# Practical 6: Image classification

In this practical, you will build a model for hand-written digit classification on the [MNIST](http://yann.lecun.com/exdb/mnist/) dataset. The MNIST dataset is a famous benchmark dataset for machine learning. It consists of pairs of images and labels (10 classes, from 0 to 9). It looks like this.

![](mnist.png)

You model, once trained, will be able to predict for each image, what the digit is. You can use any classification model from the [sklearn](https://scikit-learn.org) library.

In [None]:
# Import libaries (provided)
import numpy as np
import pandas as pd
import gzip
import os
import struct
import matplotlib.pyplot as plt
import sklearn
from sklearn import neighbors, ensemble, svm, metrics
import time

In [None]:
# Functions for loading MNIST image data (provided)
def extract_images(f_name):
    """ Extract the images into a 2D uint8 numpy array [index, rows x cols]. """
    print('Extracting', f_name)
    with gzip.open(f_name, 'rb') as f:
        # Read file header
        buffer = f.read(16)
        magic, num_images, rows, cols = struct.unpack(">IIII", buffer)
        if magic != 2051:
            raise ValueError('Invalid magic number {0} in MNIST image file {1}.'.format(magic, f_name))

        # Read data
        buffer = f.read(rows * cols * num_images)
        data = np.frombuffer(buffer, dtype=np.uint8)
        data = data.reshape(num_images, rows * cols)
        return data


# Functions for loading MNIST label data (provided)
def extract_labels(f_name):
    """ Extract the labels into a 1D uint8 numpy vector [index,]. """
    print('Extracting', f_name)
    with gzip.open(f_name, 'rb') as f:
        # Read file header
        buffer = f.read(8)
        magic, num_items = struct.unpack(">II", buffer)
        if magic != 2049:
            raise ValueError('Invalid magic number {0} in MNIST label file {1}.'.format(magic, f_name))

        # Read data
        buffer = f.read(num_items)
        data = np.frombuffer(buffer, dtype=np.uint8)
        return data

## 1. Load and browse data.

The MNIST dataset is split into a training set (60,000 samples) and a test set (10,000 samples). In total, there are 4 files.

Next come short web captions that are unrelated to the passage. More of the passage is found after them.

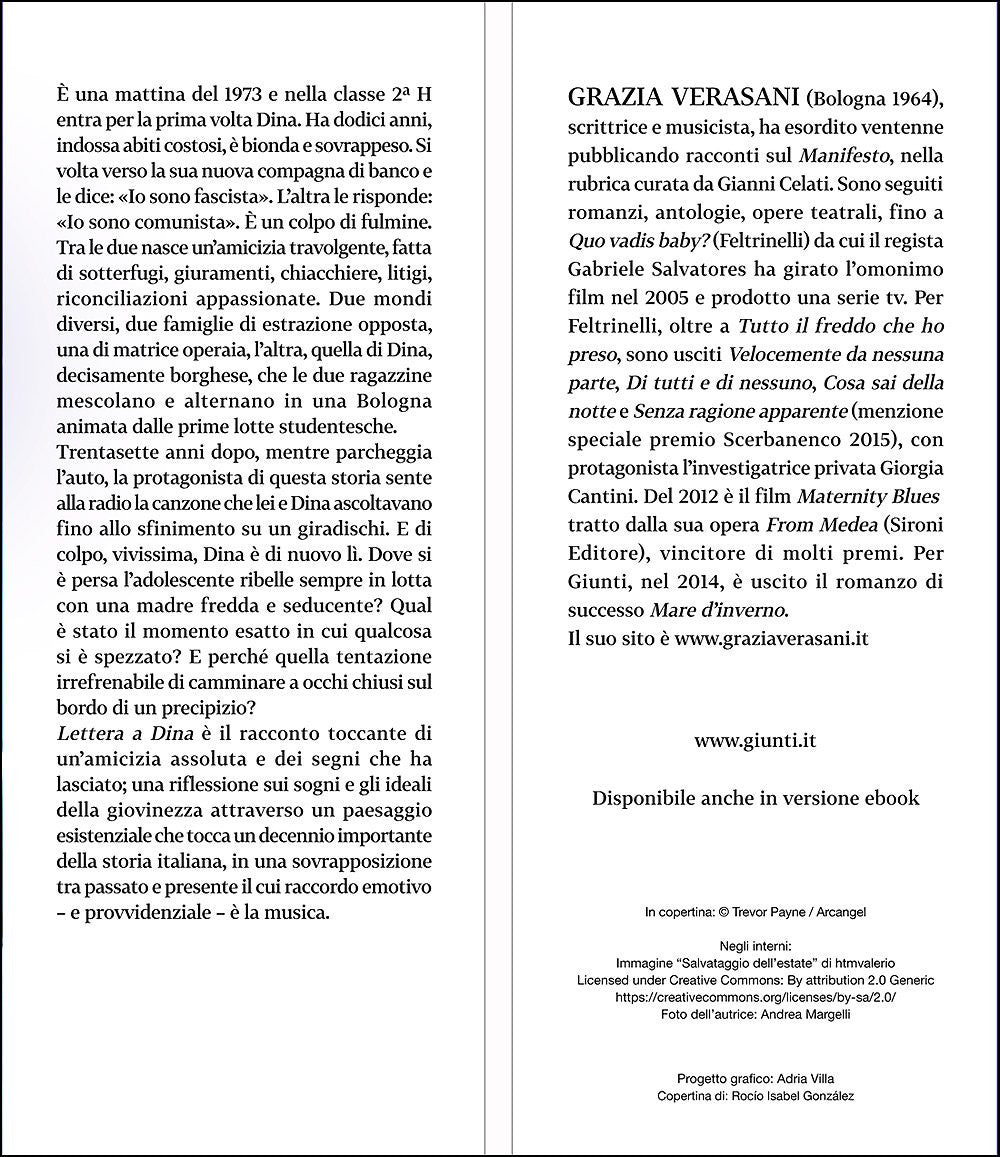 Lettera a Dina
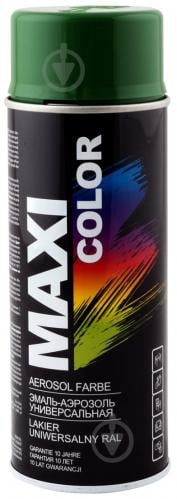 Эмаль аэрозольная RAL 6002 Maxi Color зеленый 400 мл - фото 2 Эмаль аэрозольная RAL 6002 Maxi Color зеленый 400 мл - фото 2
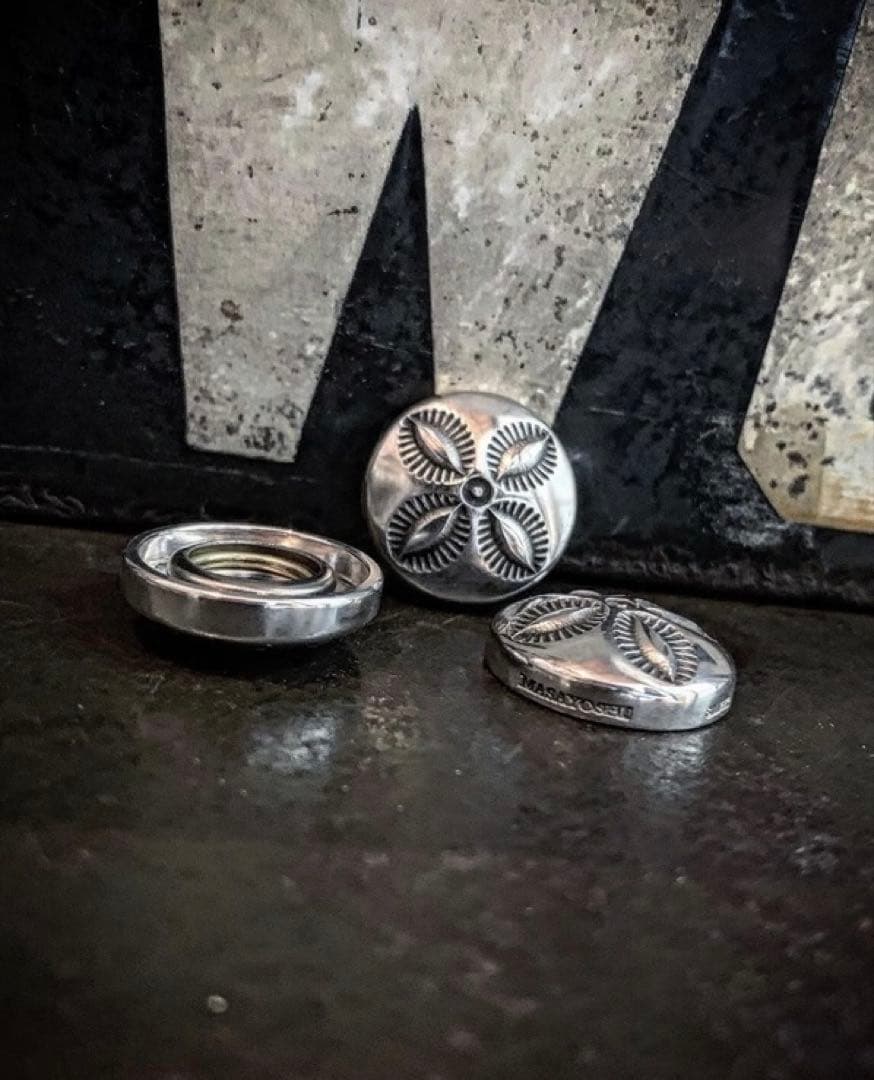 CELLMAN2DEERMES MASAYOSHI MKスナップボタン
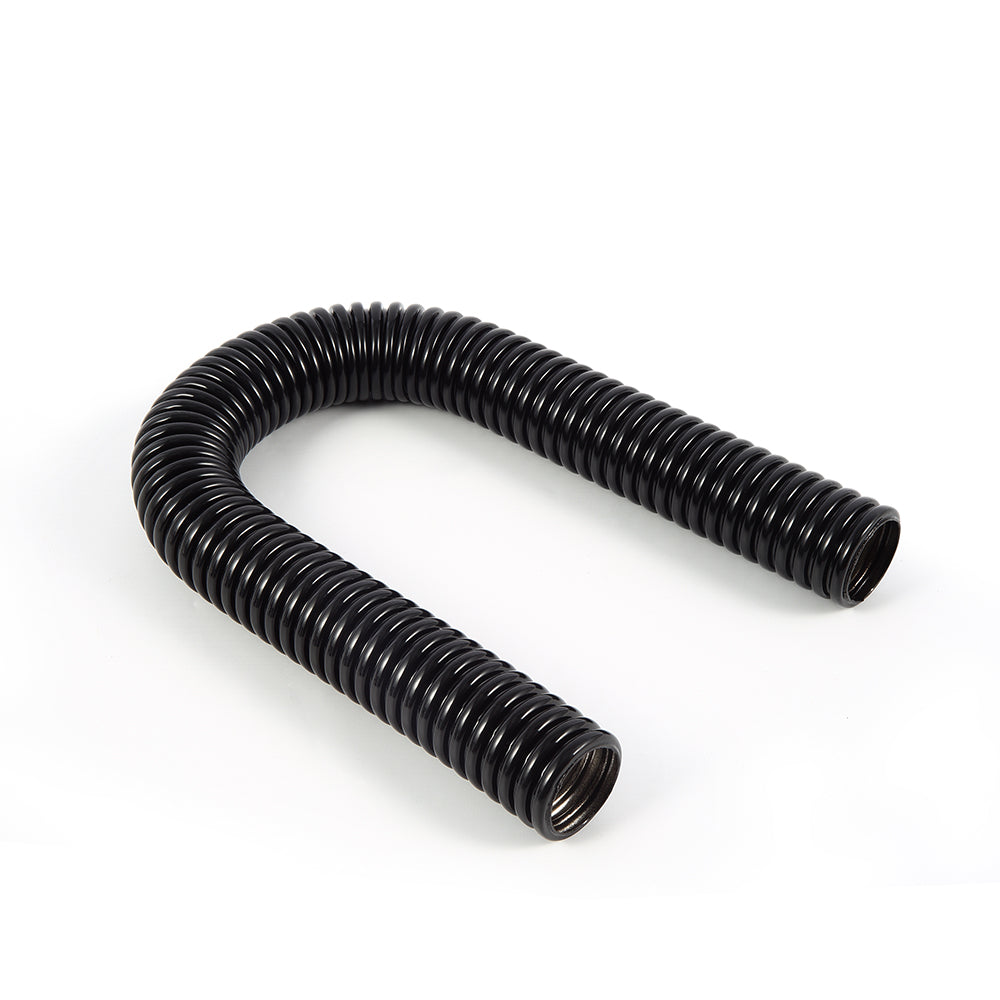 Mishimoto MMAH-U24BK Universal Flexible Stainless Steel Radiator Hose Kit  Black  24in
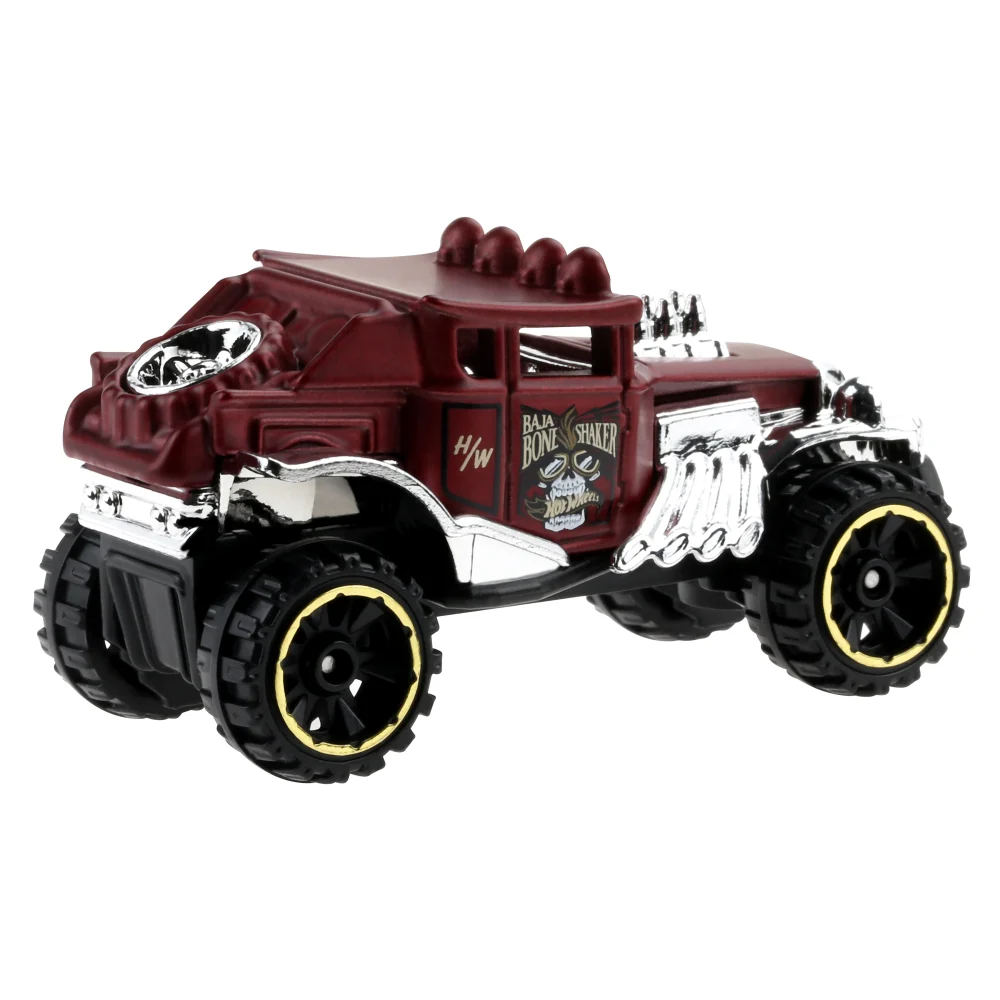 Baja Bone Shaker — HCV09 — Matte Maroon — imagem 3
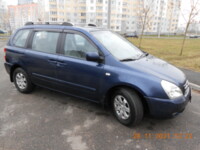 Kia Carnival II, 7 мест, 2007 г.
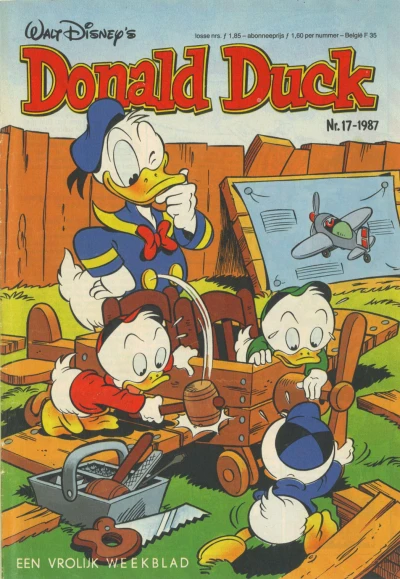 Cover of Issue #198717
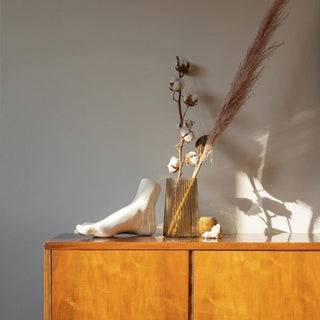 Seletti Memorabilia Museum foot with porcelain decoration - Buy now on ShopDecor - Discover the best products by SELETTI design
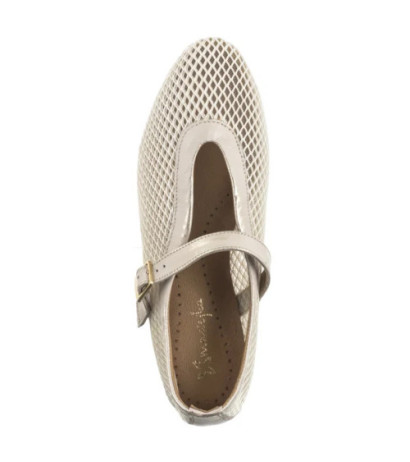 Maciejka Białe+Złoto 06939-04/00-0 (MA1302-a) kurpes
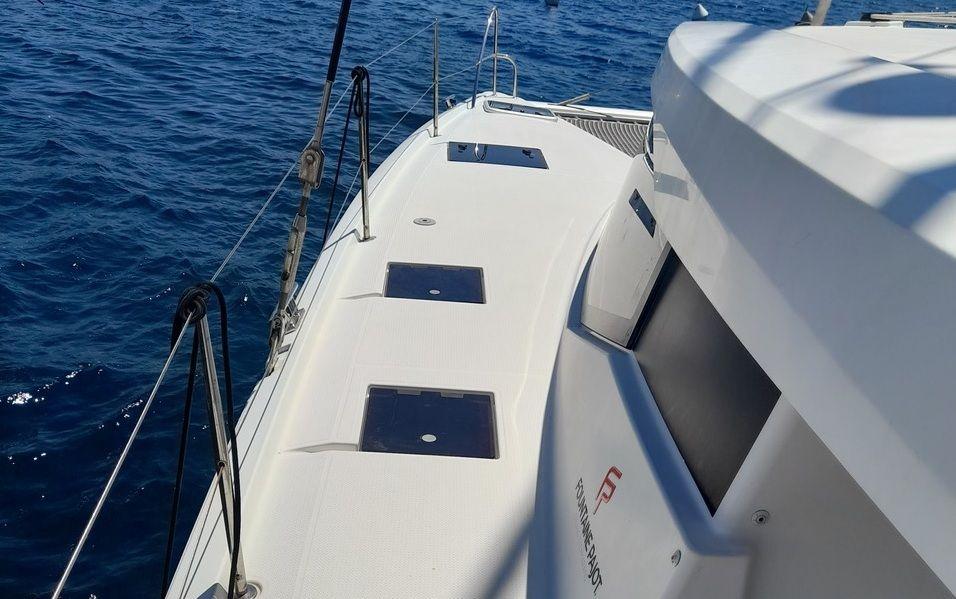 fountaine pajot Lucia 40 3 cabines 2 sdb 2017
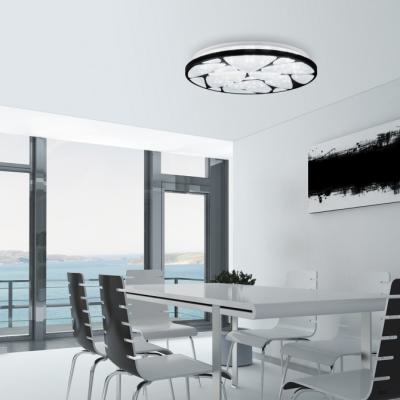 Plafon 50 Fiume Negro Led 50w 4750lm 2500 6500k 1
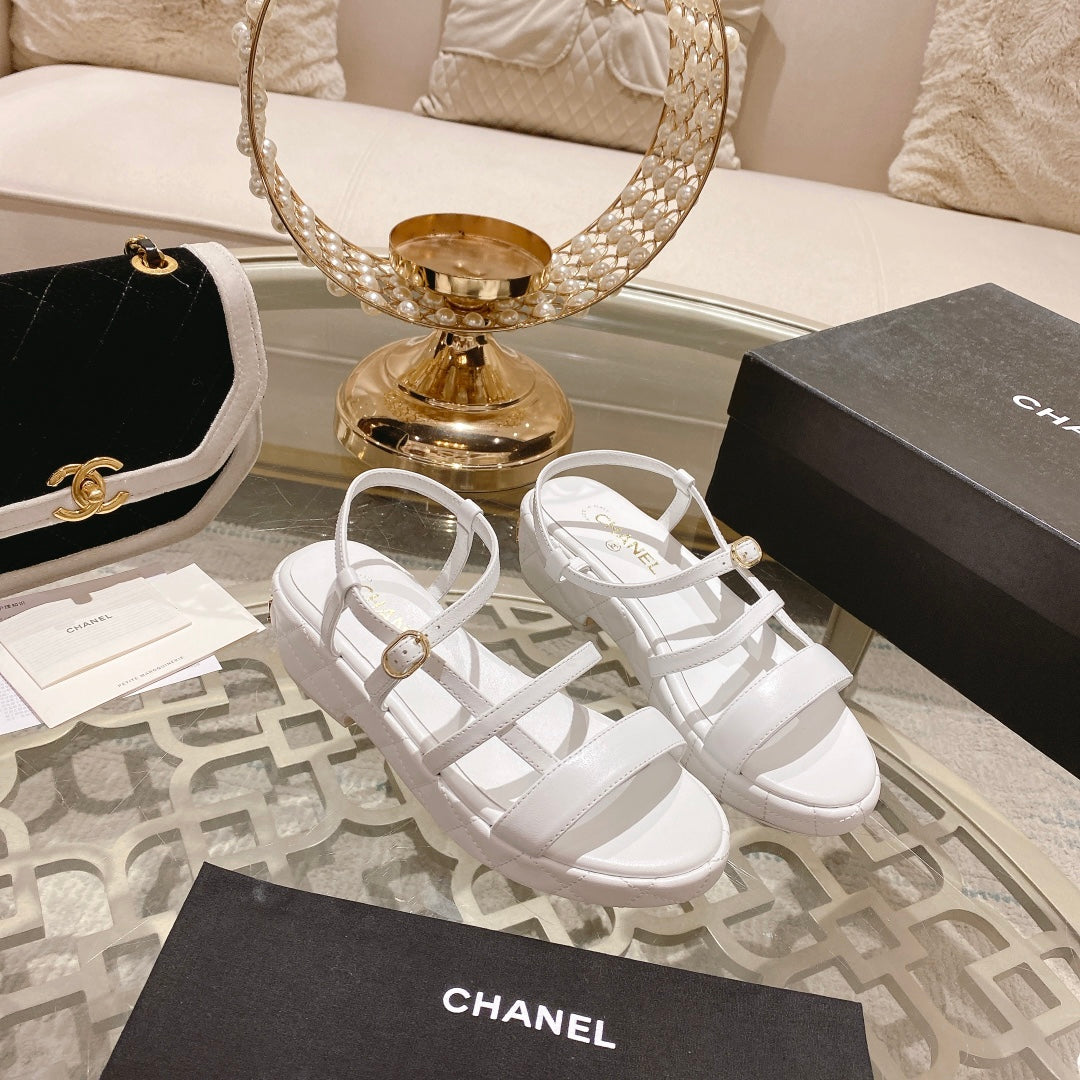 CHA* 24 new summer sandals 1:1 VIP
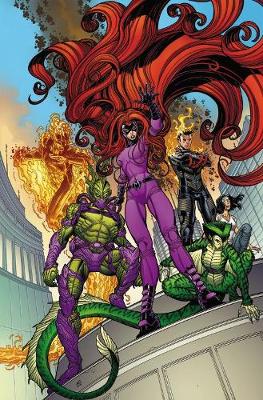 Book cover for Uncanny Inhumans Vol. 1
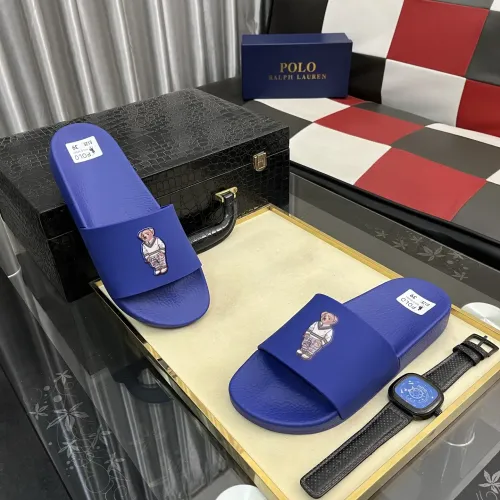 Wholesale Ralph Lauren Polo Slippers For Men #1408837 $42.00 USD, Wholesale Quality Replica Ralph Lauren Polo Slippers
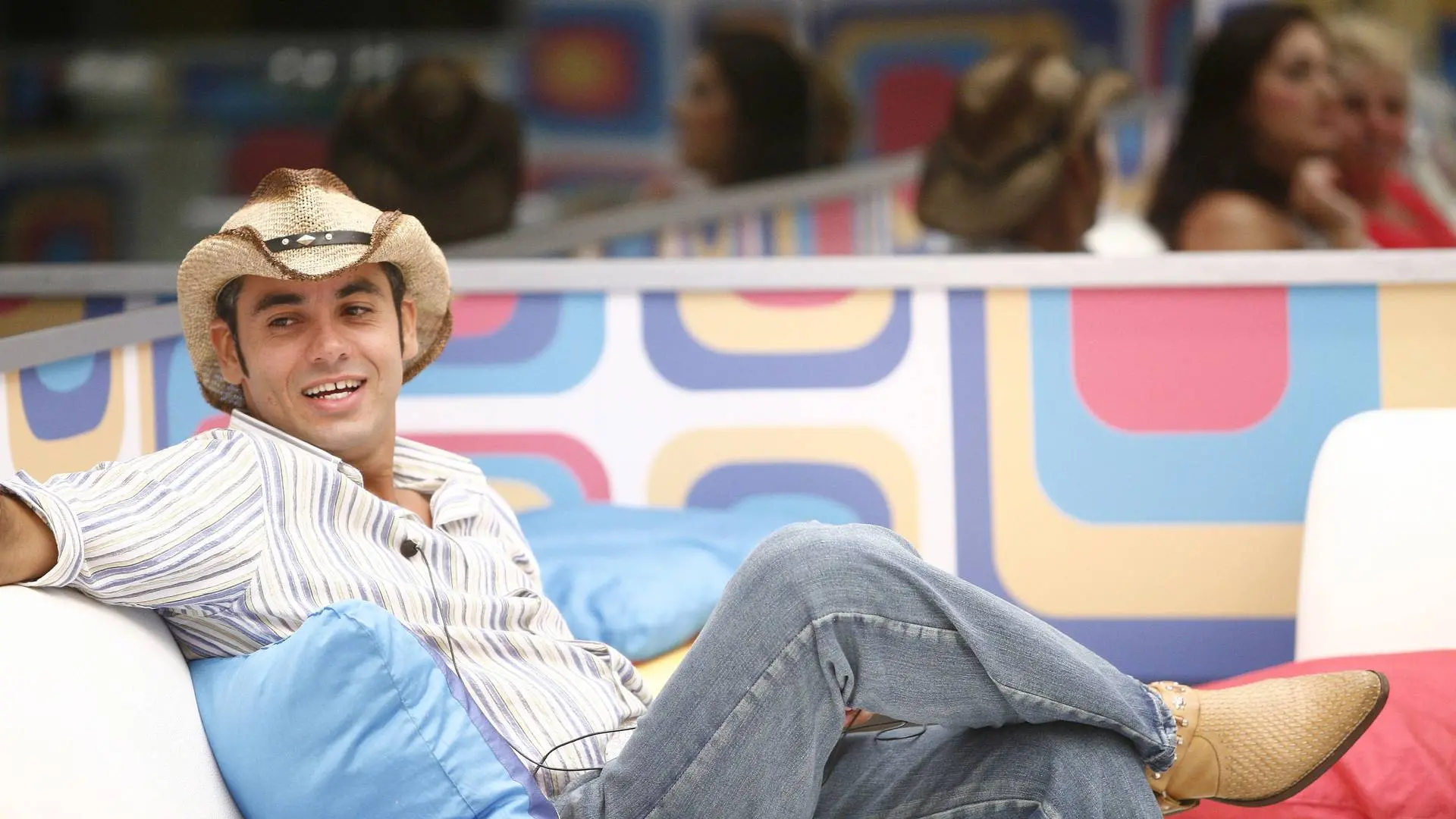 André Caubói, do BBB 9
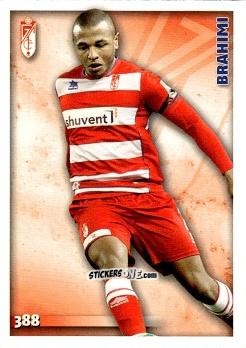 Cromo Brahimi - Las Fichas Quiz De La Liga 2014-2015 n. 388a - Mundicromo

* `train-images-idx3-ubyte.gz`: training images
* `train-labels-idx1-ubyte.gz`: training labels
* `t10k-images-idx3-ubyte.gz`: test images
* `t10k-labels-idx1-ubyte.gz`: test labels

#### 1.1 Load data (provided).

In [None]:
# Training set
X_train = extract_images('train-images-idx3-ubyte.gz')
y_train = extract_labels('train-labels-idx1-ubyte.gz')

# Test set
X_test = extract_images('t10k-images-idx3-ubyte.gz')
y_test = extract_labels('t10k-labels-idx1-ubyte.gz')

#### 1.2 Print out the shapes of the four arrays.

#### 1.3 For the first 25 samples in the training set, show their images and corresponding labels.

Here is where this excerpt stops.